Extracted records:
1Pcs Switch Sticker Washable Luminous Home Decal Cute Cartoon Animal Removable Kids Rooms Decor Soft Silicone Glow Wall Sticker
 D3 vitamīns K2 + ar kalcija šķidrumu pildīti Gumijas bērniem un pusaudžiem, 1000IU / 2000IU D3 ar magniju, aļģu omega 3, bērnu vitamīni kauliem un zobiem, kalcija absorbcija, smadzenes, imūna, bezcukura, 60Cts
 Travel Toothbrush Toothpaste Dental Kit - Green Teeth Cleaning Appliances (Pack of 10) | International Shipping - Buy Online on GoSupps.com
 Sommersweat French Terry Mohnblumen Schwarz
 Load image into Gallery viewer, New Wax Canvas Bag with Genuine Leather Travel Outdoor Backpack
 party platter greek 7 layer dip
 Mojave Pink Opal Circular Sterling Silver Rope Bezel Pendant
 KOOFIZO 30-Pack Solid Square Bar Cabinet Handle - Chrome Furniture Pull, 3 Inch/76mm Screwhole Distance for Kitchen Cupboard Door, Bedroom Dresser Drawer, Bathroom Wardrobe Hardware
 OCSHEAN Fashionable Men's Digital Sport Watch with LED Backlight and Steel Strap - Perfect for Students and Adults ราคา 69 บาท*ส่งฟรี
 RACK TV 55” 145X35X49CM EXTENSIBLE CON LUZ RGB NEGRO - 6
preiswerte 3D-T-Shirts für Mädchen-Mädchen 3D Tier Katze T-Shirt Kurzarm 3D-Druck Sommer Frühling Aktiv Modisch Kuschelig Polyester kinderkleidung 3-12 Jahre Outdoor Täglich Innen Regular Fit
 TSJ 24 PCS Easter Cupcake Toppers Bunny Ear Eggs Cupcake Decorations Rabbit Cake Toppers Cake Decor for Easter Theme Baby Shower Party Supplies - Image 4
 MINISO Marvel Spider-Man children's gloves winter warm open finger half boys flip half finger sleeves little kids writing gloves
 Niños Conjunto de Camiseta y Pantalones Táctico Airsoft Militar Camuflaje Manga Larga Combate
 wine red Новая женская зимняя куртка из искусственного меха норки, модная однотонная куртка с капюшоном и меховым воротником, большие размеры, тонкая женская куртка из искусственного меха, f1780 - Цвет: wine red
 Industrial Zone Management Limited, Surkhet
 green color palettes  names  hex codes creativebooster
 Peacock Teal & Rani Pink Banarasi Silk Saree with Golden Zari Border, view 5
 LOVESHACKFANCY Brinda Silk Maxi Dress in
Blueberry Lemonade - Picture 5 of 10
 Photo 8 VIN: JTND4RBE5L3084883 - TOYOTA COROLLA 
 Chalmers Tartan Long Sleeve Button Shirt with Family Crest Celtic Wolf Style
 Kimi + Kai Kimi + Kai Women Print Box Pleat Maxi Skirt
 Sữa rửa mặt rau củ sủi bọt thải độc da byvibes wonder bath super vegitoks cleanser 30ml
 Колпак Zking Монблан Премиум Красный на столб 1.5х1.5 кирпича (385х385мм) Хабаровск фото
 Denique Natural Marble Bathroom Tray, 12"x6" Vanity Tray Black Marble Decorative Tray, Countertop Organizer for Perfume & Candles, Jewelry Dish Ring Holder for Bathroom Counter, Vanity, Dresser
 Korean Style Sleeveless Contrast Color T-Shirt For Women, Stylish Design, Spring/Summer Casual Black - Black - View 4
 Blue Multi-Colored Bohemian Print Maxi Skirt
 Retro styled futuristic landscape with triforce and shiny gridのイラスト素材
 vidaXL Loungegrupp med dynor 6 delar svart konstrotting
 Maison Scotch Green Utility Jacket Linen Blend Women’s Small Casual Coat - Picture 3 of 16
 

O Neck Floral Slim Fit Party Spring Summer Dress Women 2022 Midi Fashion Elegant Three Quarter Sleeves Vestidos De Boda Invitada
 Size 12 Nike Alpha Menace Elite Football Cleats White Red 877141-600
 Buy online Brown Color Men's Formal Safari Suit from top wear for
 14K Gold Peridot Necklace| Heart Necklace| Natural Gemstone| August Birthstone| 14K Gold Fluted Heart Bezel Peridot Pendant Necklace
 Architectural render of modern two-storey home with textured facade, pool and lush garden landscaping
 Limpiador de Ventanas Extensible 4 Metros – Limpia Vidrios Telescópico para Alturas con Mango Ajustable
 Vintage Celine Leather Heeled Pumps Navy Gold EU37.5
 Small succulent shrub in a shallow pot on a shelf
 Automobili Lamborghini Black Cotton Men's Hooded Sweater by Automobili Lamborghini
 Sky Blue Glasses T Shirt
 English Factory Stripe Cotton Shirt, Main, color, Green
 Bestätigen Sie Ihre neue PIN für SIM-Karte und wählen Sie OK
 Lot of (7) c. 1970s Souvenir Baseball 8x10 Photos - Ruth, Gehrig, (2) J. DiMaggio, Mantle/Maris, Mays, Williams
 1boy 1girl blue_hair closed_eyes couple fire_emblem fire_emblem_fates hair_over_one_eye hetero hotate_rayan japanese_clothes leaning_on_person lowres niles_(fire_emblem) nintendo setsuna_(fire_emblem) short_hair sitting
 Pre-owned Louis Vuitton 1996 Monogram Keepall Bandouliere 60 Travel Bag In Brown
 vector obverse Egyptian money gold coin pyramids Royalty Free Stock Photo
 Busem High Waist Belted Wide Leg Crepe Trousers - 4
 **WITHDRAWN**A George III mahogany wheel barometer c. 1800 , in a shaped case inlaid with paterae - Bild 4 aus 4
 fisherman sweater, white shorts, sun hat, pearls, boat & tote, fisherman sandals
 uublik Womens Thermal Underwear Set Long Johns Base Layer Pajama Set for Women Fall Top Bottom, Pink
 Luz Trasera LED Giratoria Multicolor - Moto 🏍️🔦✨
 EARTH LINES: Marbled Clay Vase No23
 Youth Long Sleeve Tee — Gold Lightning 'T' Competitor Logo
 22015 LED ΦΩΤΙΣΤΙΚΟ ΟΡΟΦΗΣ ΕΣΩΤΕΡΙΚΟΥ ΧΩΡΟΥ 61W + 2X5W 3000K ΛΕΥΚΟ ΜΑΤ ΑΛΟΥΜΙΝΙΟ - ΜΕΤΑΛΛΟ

● WORK INSTRUCTION: Where "Print" occurs in a line of the data above, count that line. Give the final count and no other words.

● RESPONSE BOX: 2